Development is still lead by the consoles isnt it, which are extremely underpowered on the CPU. Unity is a good example of a developer trying to be overambitious with the world complexity in their game and it tanking performance on the consoles, meaning the subsequent games had to be massively dialed back, especially in the size of the crowds and the ai diversity. That's holding back games technically at the moment, until the new consoles come along.

biggytitbo

Quote from: bgmnts on September 26, 2018, 07:28:16 AM
Metal Gear Solid, Splinter Cell, GTA Vice City, KOTOR, Ocarina of Time, Resident Evil 2, Silent Hill 2, Halo.
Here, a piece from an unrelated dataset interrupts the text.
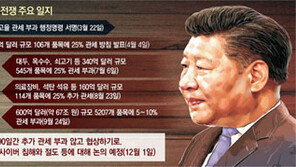 벼랑 끝에서 멈춘 美中… ‘기술 도둑질 방지’ 사활 건 협상 예고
Etc etc

Yeah fair play, I reckon 9 out of 10 of people's top tens would be from this era of video games.


I think the reason the PS2 era was the best is because there were so many thriving mid size AA studios, who were able to make such a huge variety of odd, ambitious and experimental games without the burden of massive budgets and sales expectations. Since then the increase in budgets has segmented the market so we largely only have the low budget indie end were originally still thrives, but only on small scale games, and the massive triple A end, where the games are getting bigger but originality is proving too costly.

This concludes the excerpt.